Эльф с черными, как ночь власами, отвечал могучим, ровным голосом:
— Вам незачем теперь страдать, В грязи копаться, пожирать. И труд пустотам отдавать, Но будет время вам мечтать!..В это время вновь подала голос женушка Жадбы. Она брыкалась под желтыми материями и вопила:
— Казнить! Околдовали!
Несколько «желтоплащих», которых теребили придворные подлецы; не выдержали, завопили:
— Лучники! По врагам!..
Тут опомнился и оратор на вершине большой повозки. По его указанию, вновь там стал ходить «румяный» с желтым флагом, а за ним — барабанить «крючок». Вновь полились строчки, вперемешку с воплями оратора:
— …Враг хитер, но нет умнее Жадбы — свята мудреца. Вместе с Жадбой мы сильнее Злого вражьего словца!— Люди! Не поддавайтесь! Они хотят нам зла! Посмотрите — пришли без спроса, и опьянили ваши мозги каким-то светом, да запретными песнями! Они нарушают наши мудрые законы! Смерть Врагам!
Хрупкая гармония была нарушена, и теперь напряженные, измученные взгляды «тружеников» перебрасывались с эльфов на вершину повозки, где бесновался оратор. А тут еще женушка Жадбы бесновалась, требуя, чтобы ей вернули сладости, и, чтобы продолжали казнь…

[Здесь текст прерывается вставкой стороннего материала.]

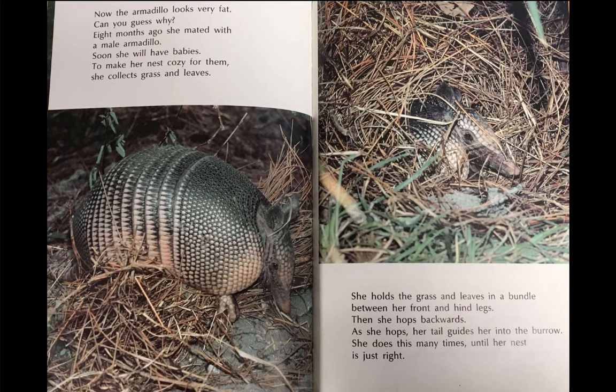Now, the armadillo looks very fat. Can you guess why? Eight months ago, she mated with a male armadillo. Soon, she will have babies.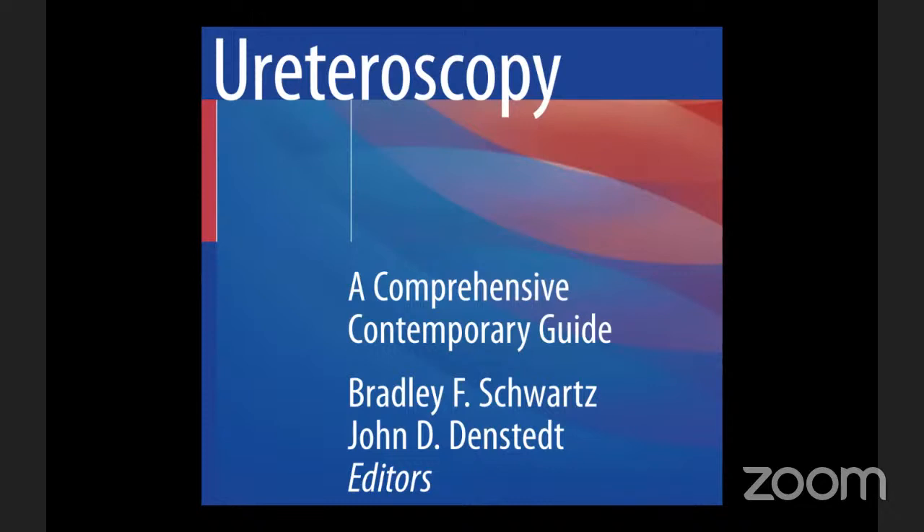Do you have any questions before we complete? No, this was a really good session. I learned a lot today. Thank you for all those detailed explanations about the ureteroscopes.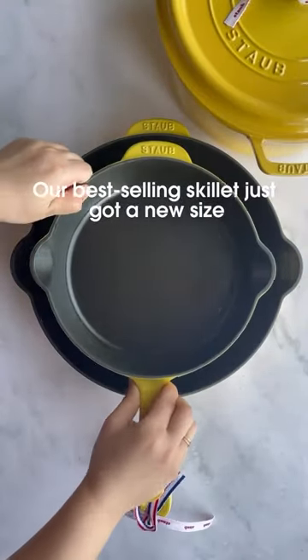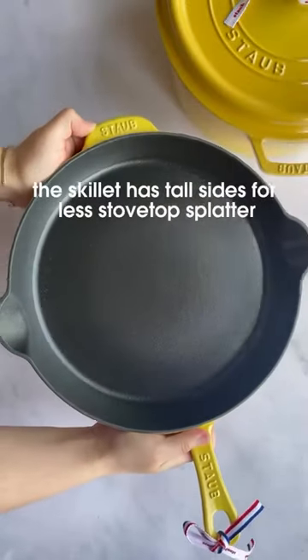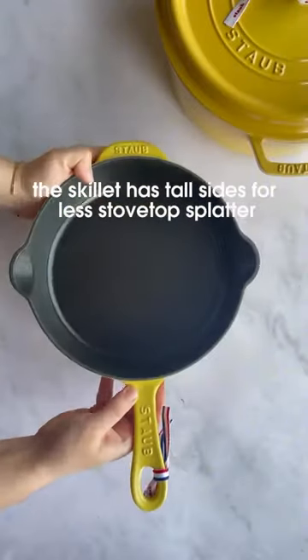Our best-selling skillet just got a new size. Meet our eight and a half inch deep skillet. Similar to the 11 inch, this skillet has tall sides for less stovetop splatter.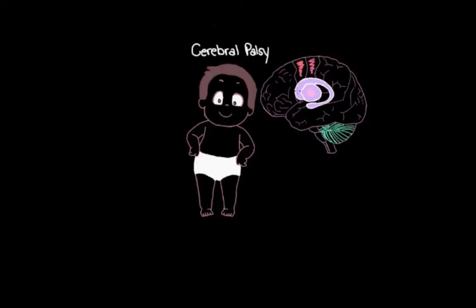The damage that has occurred in the movement centers of the brain and caused cerebral palsy is permanent. We don't really have a way of undoing or totally fixing this damage, so we can't really cure or even completely treat cerebral palsy. Instead, what we want to do is focus on reducing or managing the problems that someone with cerebral palsy experiences.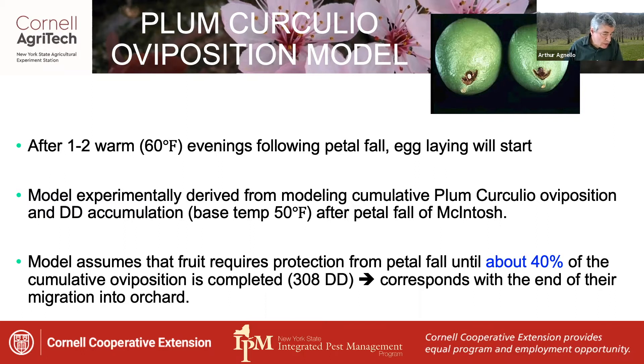The reason this works is that if protective insecticide sprays have controlled all the Plum Curculios that were in the orchard from the start of the egg laying period up to this point, and no more adults are likely to immigrate into the orchard, then the rest of the beetle's activity of laying eggs outside of the orchard is really of no concern since it won't impact the crop.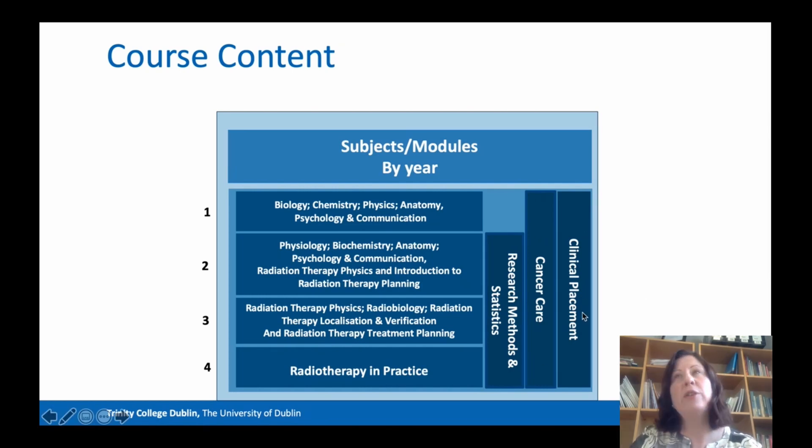There is a module called Principles and Practice of Cancer Care which goes through all four years, as does clinical placement. From second year on, we have a very strong focus on research in this programme. At the end of fourth year, you will complete a capstone project, which is a research dissertation or thesis.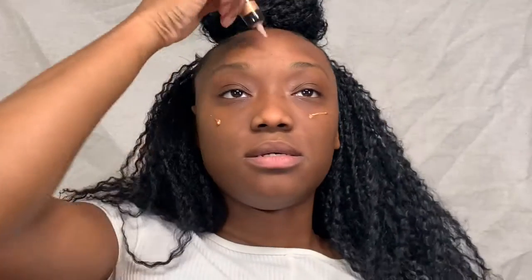I already prepped and primed and all of that stuff, and I'm just going to go in with this Anastasia Beverly Hills Liquid Glow Highlighter in Bronze. I was really thinking about putting this on the top of my makeup, but that scares me. So I'm just going to put it underneath my makeup and see what it gives my foundation, because I got matte foundation — even though I want to glow.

Появился отряд лучников. Впереди них шли воины с клинками — расчищали дорогу. Толпа раздавалась в стороны, но, порой, слишком медленно — раздавили нескольких малышей, даже многим взрослым переломали в этом месиве ребра. И вновь появились перекошенные, окровавленные лица…
— С дороги! — завопил предводитель отряда лучников, и последние ряды расступились, образовывая проход, с одной стороны которого поднимались луки, а с другой — стояли, подобные великанам эльфы.

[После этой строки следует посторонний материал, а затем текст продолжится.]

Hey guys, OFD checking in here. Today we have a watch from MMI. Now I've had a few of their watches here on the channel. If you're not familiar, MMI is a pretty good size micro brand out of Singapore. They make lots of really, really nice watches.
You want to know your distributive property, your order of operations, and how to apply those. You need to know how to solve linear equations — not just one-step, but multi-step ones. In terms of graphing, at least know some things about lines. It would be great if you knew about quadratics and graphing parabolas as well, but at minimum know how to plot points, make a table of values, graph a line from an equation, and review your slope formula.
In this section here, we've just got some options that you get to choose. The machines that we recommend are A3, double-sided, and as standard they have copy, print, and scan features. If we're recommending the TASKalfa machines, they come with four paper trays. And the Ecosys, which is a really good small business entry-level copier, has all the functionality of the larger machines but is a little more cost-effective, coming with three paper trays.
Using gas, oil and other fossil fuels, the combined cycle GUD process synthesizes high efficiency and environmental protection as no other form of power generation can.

Тогда вперед вышла эльфийская дева. Она плавно подняла свои воздушные, увитые белесым сиянием руки, запела:
— Люди, люди — любите. Не делайте друг другу и себе больно враждою. Милые мои, как вы прекрасны, как ясны, когда восторгаетесь. Вы похожи на младенцев пред которыми вся жизнь.
— …Не то ли свет, о чем поется, Во многих песнях о любви? А что любовию зовется, То знают только соловьи…Вновь заговорил черноволосый эльф:
— Мы несем вам свободу. Мы многое вам хотим рассказать; хотим и подарки — книги принести…
Страшно завизжала женушка Жадбы — дело в том, что она, переворачивая лавки, скатилась на мостовую, и довольно сильно ударилось. Теперь вот вопила: «Убивают! О-о-а — спасите!» — вопила она так не потому, что испытывала какое-то особенно неприязненное чувство к эльфов — такового чувства она и не могла испытывать — блеклое ее, залитое сладостями сознание понимало лишь одно: появились «Враги» — зрелища не будет — пропали сладости — все для нее было связано.
У лучников уже натянуты были тетивы; однако, когда вышла вперед эльфийская дева, они поняли, что несмотря ни на что, стрелять в нее не смогут. Один из них даже повел лук вверх, намериваясь выпустить стрелу в небо. Однако ж, как раз в это время начала вопить женушка, а оратор на большой повозке, все еще с закрытыми глазами, с дрожью выкрикнул:
— Бей врага!
И тогда тот самый стрелок, который намеривался выпустить стрелу в небо, страшно испугался, что его обвинят в предательстве и самого выведут на этот помост. И он в одно мгновенье нацелился в деву, зажмурился, заскрипел зубами — выпустил стрелу.
В это же мгновенье, из-за стены Питейного двора вылетела густая черная туча. Она подобна была громадной волне, которая незаметно подкралась, и теперь бросилась, чтобы раздавить город. Ветер стал леденящим, от чего многих стала пробирать дрожь. Стало темно, как в поздние осенние сумерки, начался ледяной ливень, едва ли не снег. А вот и град пошел, и хлестал их по лицам, по плечам. Туча опустилась совсем низко; едва ли не задевала стены питейного двора.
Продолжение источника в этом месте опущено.